To build muscle, focus on multi-joint compound exercises such as dead-lifts, squats, bent over rows, bench presses and overhead presses.These exercises work your major muscle groups. Use heavy weights for six to 12 repetitions. Do short, intense cardiovascular workouts to burn fat. Do a four way split workout program encompassing both muscle building and cardio routines. A four way split program involves working out four days a week. Do specific exercises and work specific muscle groups each workout day. Each workout should be intense and last for 45 to 60 minutes.

Muscle Building

Do dead-lifts, bent over rows and pull-ups on Mondays. Deadlifts work your legs, hips, lower back, trapezius and forearms. Bent-over rows and pull-ups target your upper back or lats.

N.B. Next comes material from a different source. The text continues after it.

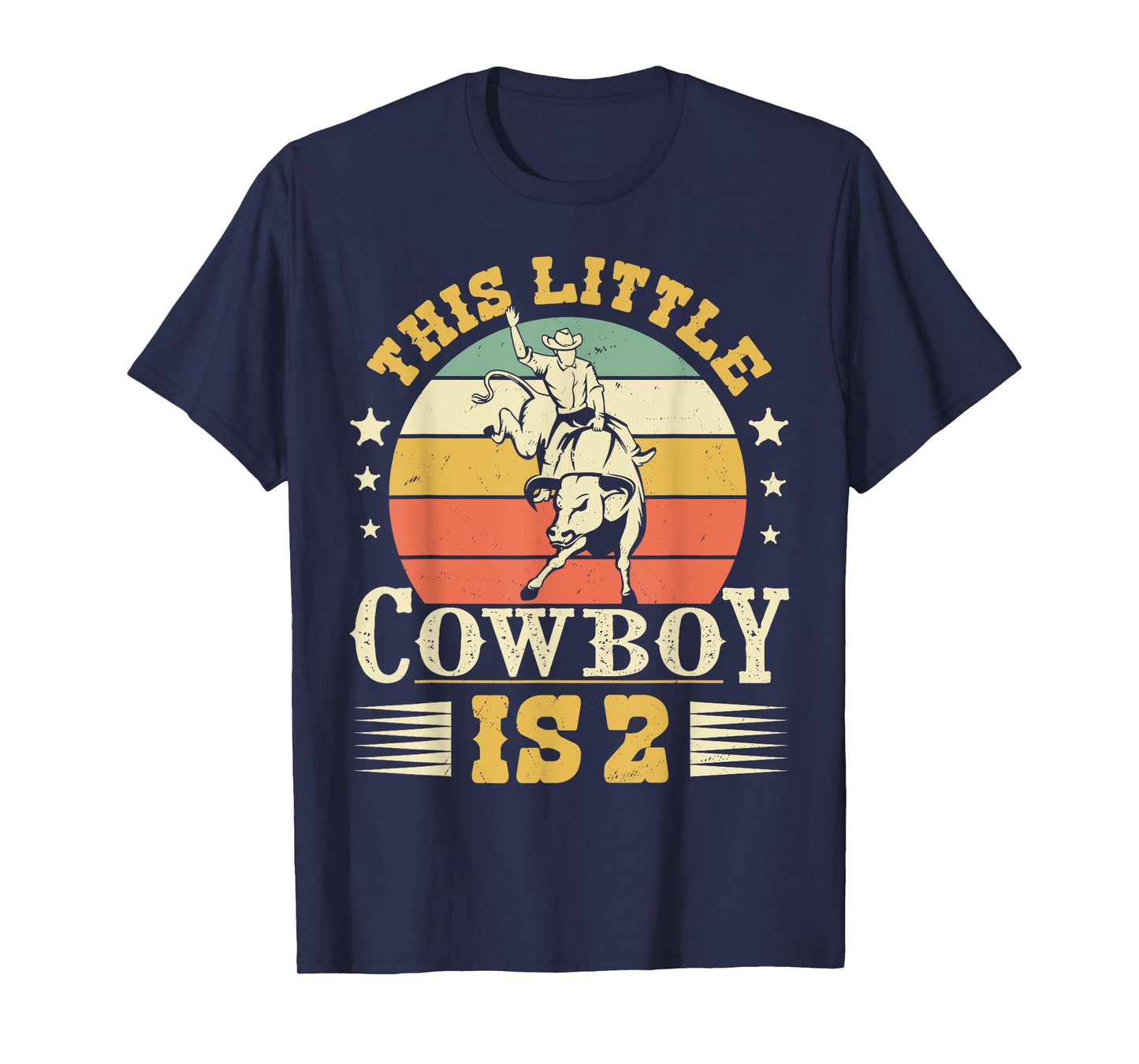 This Little Cowboy Is 2 Western Country Rodeo 2nd Birthday T-Shirt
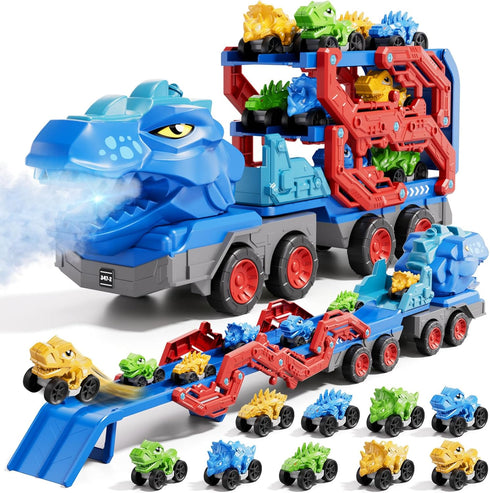 10 1 3-5 4-8, 9 3 4 5 6 7 8 in Dinosaur Truck Toys for Kids Toddlers Boys Dino Carrier Truck with Foldable Track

Do barbell bench presses, incline dumbbell presses, close-grip bench presses and triceps pushdowns on Tuesdays. The bench press and dumbbell press target your chest, close-grip bench presses and triceps pushdowns target the triceps. Wednesday is a rest day. Do squats, leg extensions, leg curls and calf raises for your legs on Thursdays. Do overhead presses, dumbbell presses and lateral raises for your shoulders, and barbell curls and preacher curls for biceps on Fridays.

Fat- Burning

Start each workout with a short high intensity cardiovascular workout. For example, warm up with a three minute jog on the treadmill, sprint for 60 seconds, then brisk walk for 120 seconds. Repeat the sprint and brisk-walk pattern five times for an intense 15 minute cardio routine, which will blast your metabolism into a post exercise fat burning mode. The demands placed on your body by your intense muscle building routine will also boost your metabolism post-exercise. Your metabolism will also rise as you gain muscle tissue. Reduce your cardio routine to two or three days if you lose too much weight or if you want to accelerate your muscle gain.

Nutrition

Eat five to six meals a day. Eat protein such as lean meat, poultry, fish, whole eggs, beans and legumes. Carbohydrates should consist of oatmeal, yams, sweet potatoes, potatoes, quinoa, whole grain rice and spelt flour products. Eat omega-3 fats from flax seed and hemp seed oil to help your body metabolize fat. Do not eat refined carbs such as breakfast cereals, cookies and muffins, which cause your body to retain fat. Accelerate fat loss by eating complex carbs only twice a day on non-workout days. Eat plenty of nutrient-dense fruits and vegetables, particularly as carb replacements on non-workout days.

Post-Workout

Adequate post-workout nutrition will help you recover from your intense muscle-gaining and fat-burning workouts and enhance your potential for muscle gain. Eat some protein and quickly assimilated carbohydrates within 60 minutes of finishing your workout. For example, whey protein mixed with almond or rice milk and blended with a handful of blueberries and a banana will provide your nutrient-depleted muscles with amino acids and carbohydrates. Eat a proper meal with protein, complex carbs, fats and vegetables within two hours.